The central bank left policy unchanged in June. This was expected because interest rates are already low and pushing them down further would not have created a big enough marginal impact on credit growth. The economy has to rely on fiscal stimulus instead

Source: istock

The central bank stands pat

Taiwan's central bank has not moved its policy interest rate since the middle of 2016. Even though export orders have contracted for seven straight months, falling 5.82% year-on-year in May, the bank has continued to keep policy on hold. This is largely because rates are already low, at 1.375%, so a cut would have little marginal impact on creating money, i.e. credit growth. In addition, each cut by Taiwan's central bank has been just 12.5 basis points (half of each normal move by the Federal Reserve), which makes the marginal impact even smaller.

Taiwan's export orders have shrunk for seven straight months

Source: ING, Bloomberg

Fiscal stimulus in the spotlight

As monetary policy can do very little to stimulate growth at this point, Taiwan's economy- which has been affected by the ripple effect from the US-China trade war- has to depend more on fiscal stimulus.

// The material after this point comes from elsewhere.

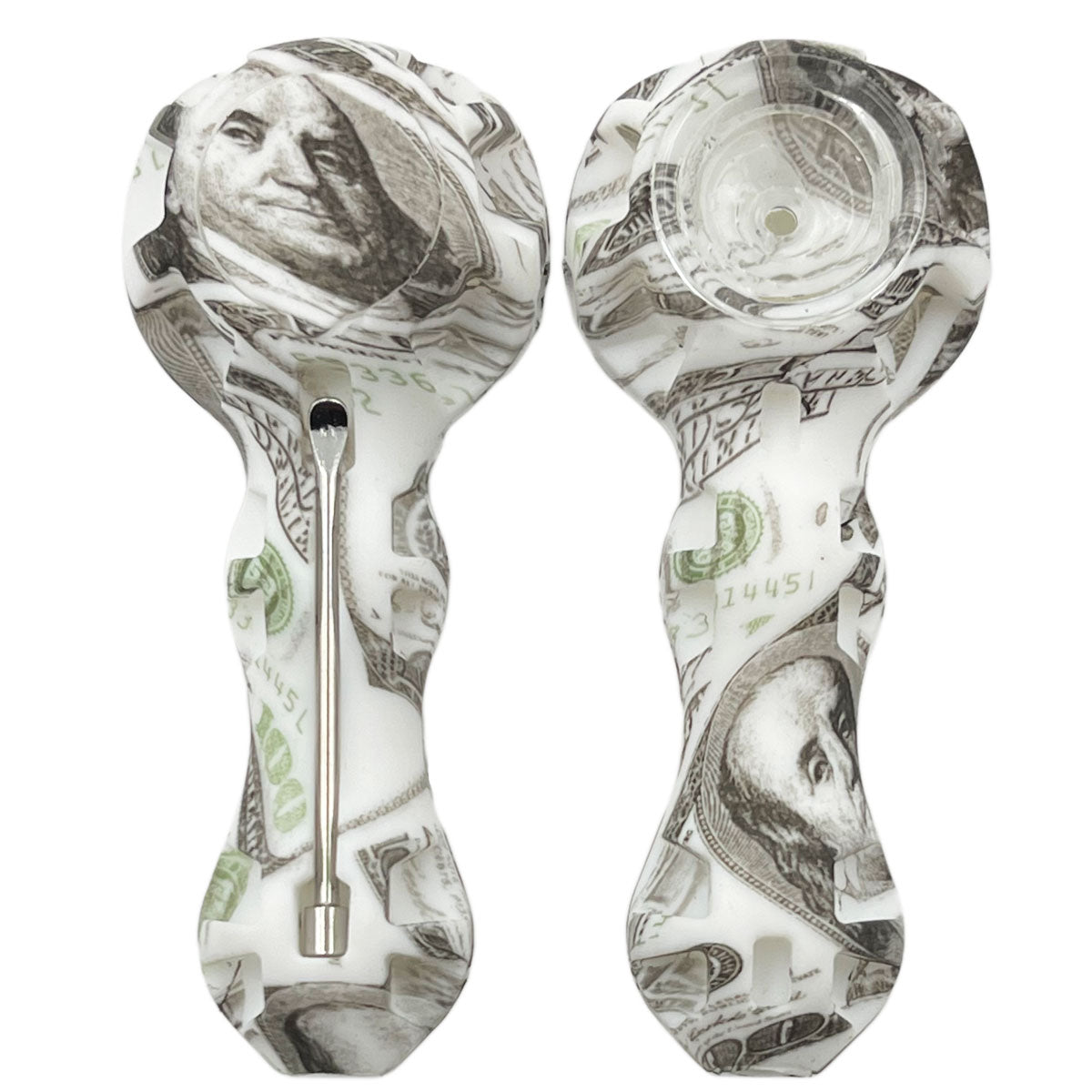 4.25" Silicone Hand Pipe w/ Glass Bowl, Dab Tool & Dish - Now Over 2 Dozen Prints [HP-S-6B]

However, we know from the experience of 2016 that government support only lasts for about a year, at most. If the government implements a big fiscal stimulus package, it would certainly hurt its debt level, as there has been almost no fiscal surplus for the past four years.

As such, the government has been trying to encourage manufacturers to move their production on the Mainland back to Taiwan. This has led to several firms proposing a total investment of $1.29 billion in 2019. Still, we doubt that all the investments will be realized this year. Even if the whole amount were to be invested in Taiwan, it would only contribute around 0.2% of GDP.